Inverse Elliptic Curves Problem

[Max Alekseyev]

On Nov 27, 2007 3:30 PM, Artur <grafix at csl.pl> wrote:

> Yes I give x-coordinates of the integer points.
> Elliptic equation is more general that reduced case y^2=x^3+n but I
> don't know exact form (if I will be know I will be don't ask)
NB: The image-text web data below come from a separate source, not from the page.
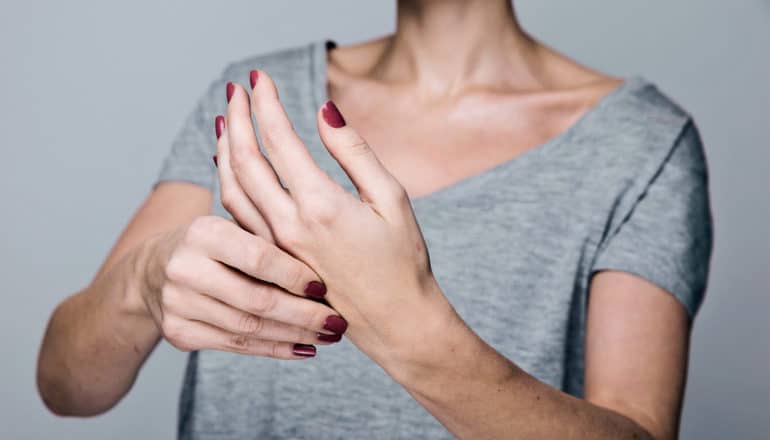 A woman holds one hand with her other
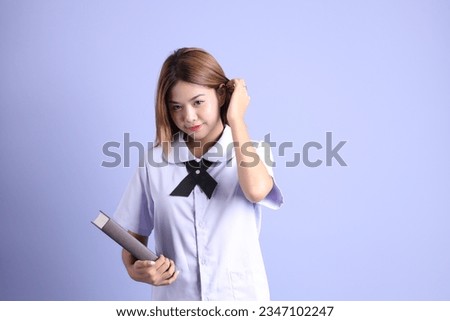 The Asian girl in Thai student uniform standing on the purple background.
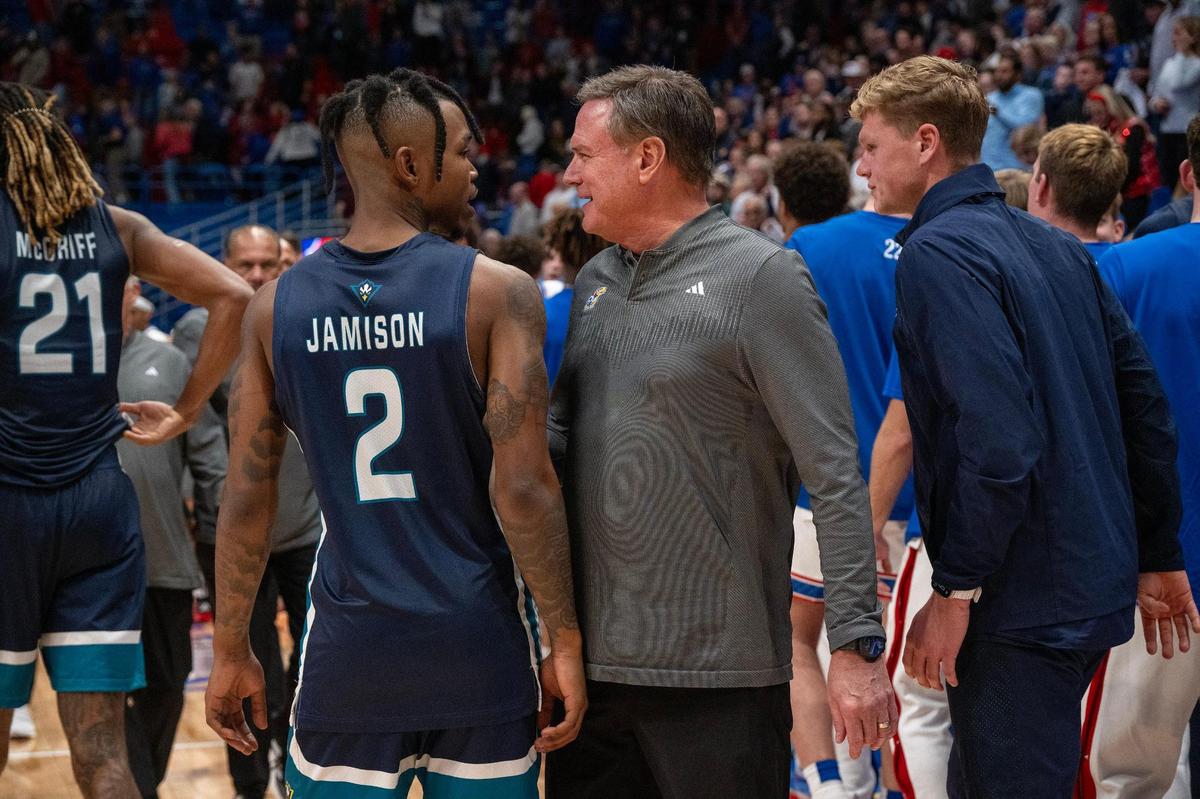 Coach Bill Self greets UNC Wilmington guard Elijah Jamison (2) after the Kansas Jayhawks defeated UNCW 84-66 on Tuesday, Nov. 19, 2024, at Allen Fieldhouse.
For a general form of elliptic curves see
http://mathworld.wolfram.com/EllipticCurve.html

For the special case of y^2=x^3+n, your problem has a simple (or no) solution.
Namely, substitute the x-coordinates that you have in mind into this
equation to get a system of equations:
y1^2 = x1^3 + n
y2^2 = x2^3 + n
...
yk^2 = xk^3 + n
where y1,y2,...,yk,n are unknowns.
Taking the difference of any two equations i, j, you'll get:
yi^2 - yj^2 = xi^3 - xj^3
or
(yi-yj)(yi+yj) = xi^3 - xj^3.
All solutions to this equation come from the prime factorization of
xi^3 - xj^3. For any (positive or negative) divisor d of xi^3 - xj^3
of the same oddness with its co-divisor d'=(xi^3 - xj^3)/d, we have a
solution:
yi = (d+d')/2
yj = (d'-d)/2.

For each pair of original equations (i,j), find all solutions (yi,yj)
and represent then as edges in a k-partite graph G that connect a
vertex yi from i-th path with a vertex yj from j-th part.
The system of equations has a solution if and only if you have a
clique of size k in G. Each such clique gives values (y1,y2,...,yk)
that is a solution to the system (the value of n is derived easily),
and vice versa.

Regards,
Max